Se negaba a aceptar que se hubiera perdido. Pero el negro envolvente de la noche y del bosque le provocaban un sentimiento de desesperación, como si la razón y la responsabilidad hubieran quedado abandonadas en la carretera principal y ella estuviera descendiendo hacia una especie de inframundo en el cual las normas las dictaba la muerte. Las sombras parecían apartarse de los faros del coche, cada una de ellas semejante a un espectro, un heraldo de muerte que portaba el rostro de Douglas Jeffers. Lanzó una exclamación ahogada de miedo y siguió conduciendo, ahora con la pistola agarrada en la mano derecha, encima del volante.
Cuando llegó al punto en que el camino se dividía en múltiples ramales y los faros del coche iluminaron las cuatro flechas de colores, paró y se apeó.
Se quedó mirando fijamente los cuatro ramales.
Notó que la invadía un sentimiento de frustración. Se acordó de la descripción que le hizo el jefe de policía y se hizo una imagen mental del mapa colgado en su oficina. Pero no guardaba correlación con las opciones que se le presentaban ahora.
—Tiene que ser ése —dijo en voz alta señalando un sendero negro—. Estoy segura —agregó desafiando el miedo y la inseguridad que sentía en realidad.
La idea incongruente de que pudiera terminar, pistola en mano, en la casa de algún veraneante flotó durante un instante en lo más recóndito de su cerebro. Pero enseguida la desechó.
—Vamos allá —dijo.
El sonido de su voz le resultó pequeño e insignificante en comparación con el bosque. Volvió a sentarse detrás del volante y continuó por el camino.
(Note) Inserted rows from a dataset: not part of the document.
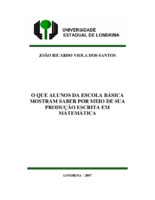 Educação Matemática; produção escrita em matemática; avaliação em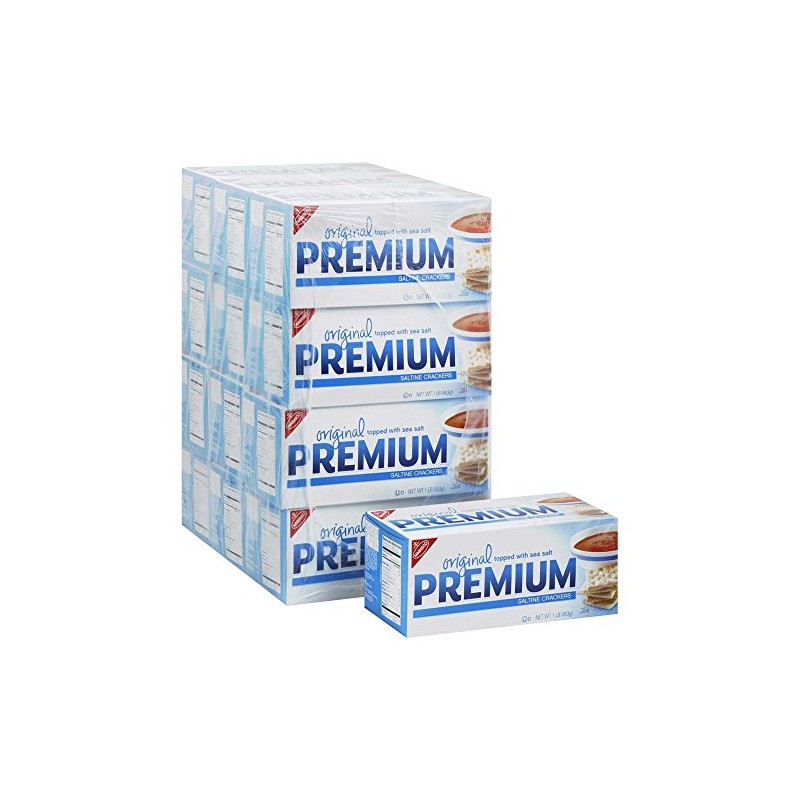 Nabisco Original Premium Saltine Crackers 16 oz (Pack of 12)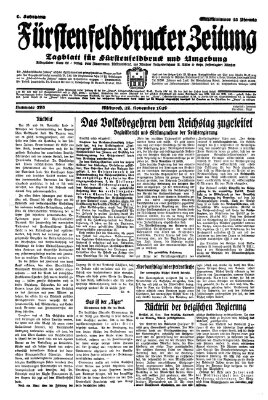 Fürstenfeldbrucker Zeitung Mittwoch 27. November 1929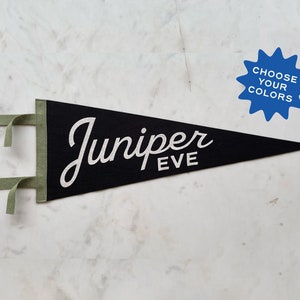 GINEPRO PENNANT - Bandiera con gagliardetto in feltro di lana con nome personalizzato - Gagliardetti e striscioni in feltro personalizzati in stile vintage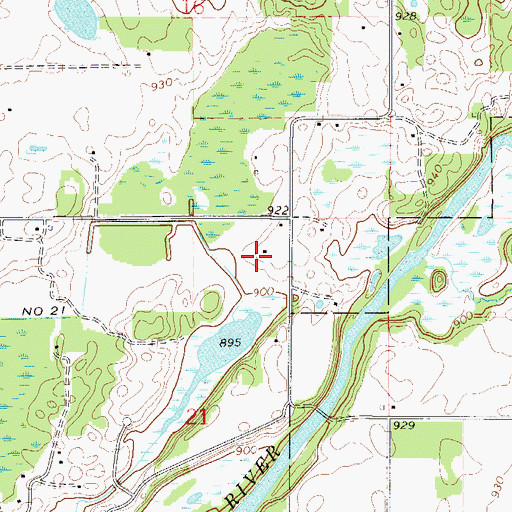 Topographic Map of Benson Wildlife Dam, MN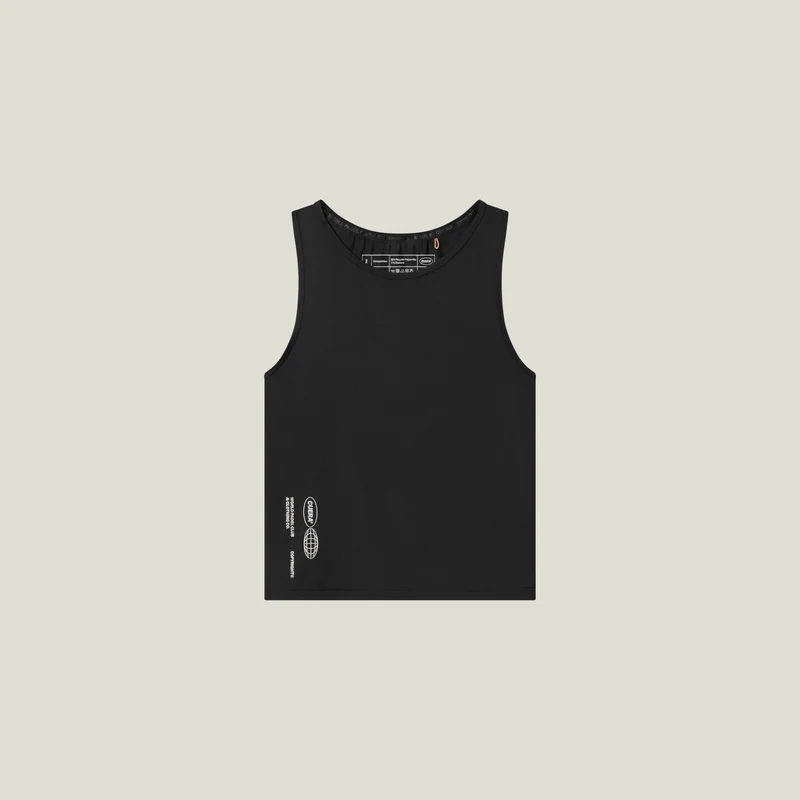Oncourt Cropped Tank Top - Schwarz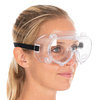 Schutzbrille, belüftet, mit integrierten Lüftungsventillen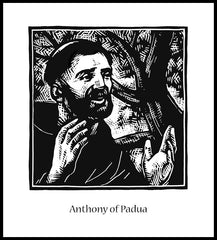 Wood Plaque - St. Anthony of Padua by J. Lonneman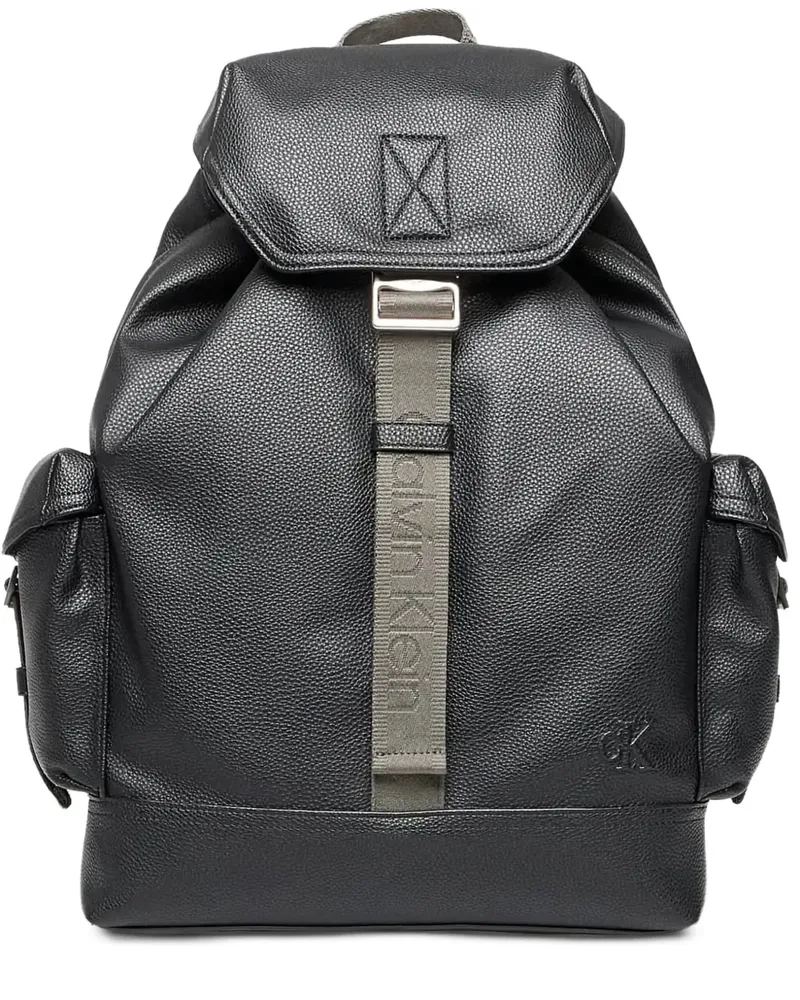 Calvin Klein Rucksack aus Faux-Leder - Schwarz Schwarz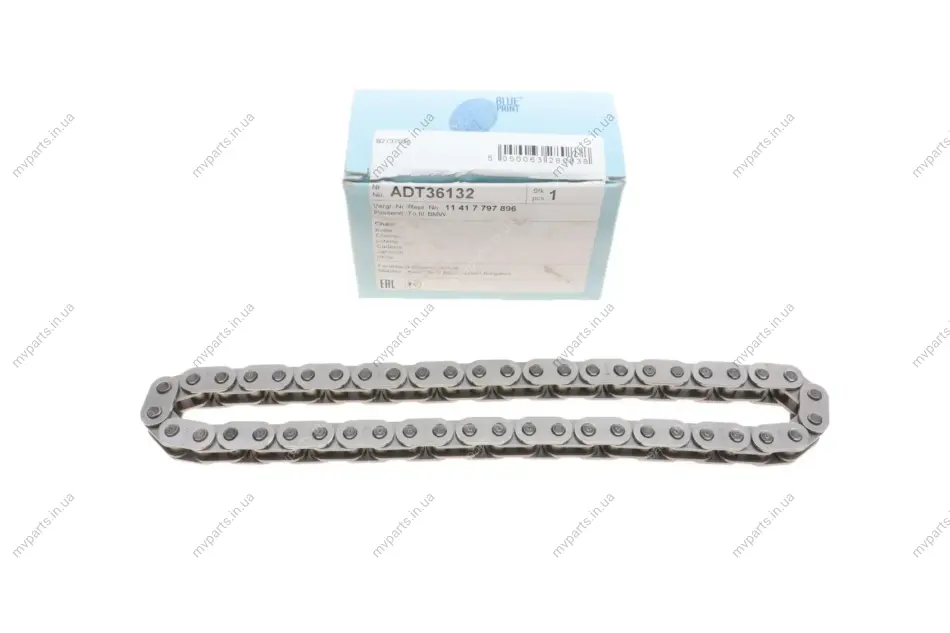 Ланцюг насосу масляного BMW X5/X3/5/3 (B47D20/N47D20/D57D30/N47C16) 07- BLUE PRINT ADT36132 (фото 1)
Doscientos metros más adelante el camino se bifurcaba de nuevo, y echó mano de su instinto para tomar el ramal de la izquierda. Sabía que estaba buscando la charca y que el brazo de tierra en el que encontraría a su presa esperando era estrecho y alargado. Bajó la ventanilla en un intento de presentir dónde se encontraba el agua, pero sólo sirvió para que la noche penetrara en el interior del automóvil. Continuó conduciendo y pasó por encima de una valla de madera abierta provista de un letrero que decía: «No entrar. Nos referimos a usted.»
Hizo caso omiso y se internó en la espesura de pinos y arbustos, hasta que el bosque pareció envolverla todo alrededor. Le entró miedo de asfixiarse y comenzó a respirar hondo, hiperventilando.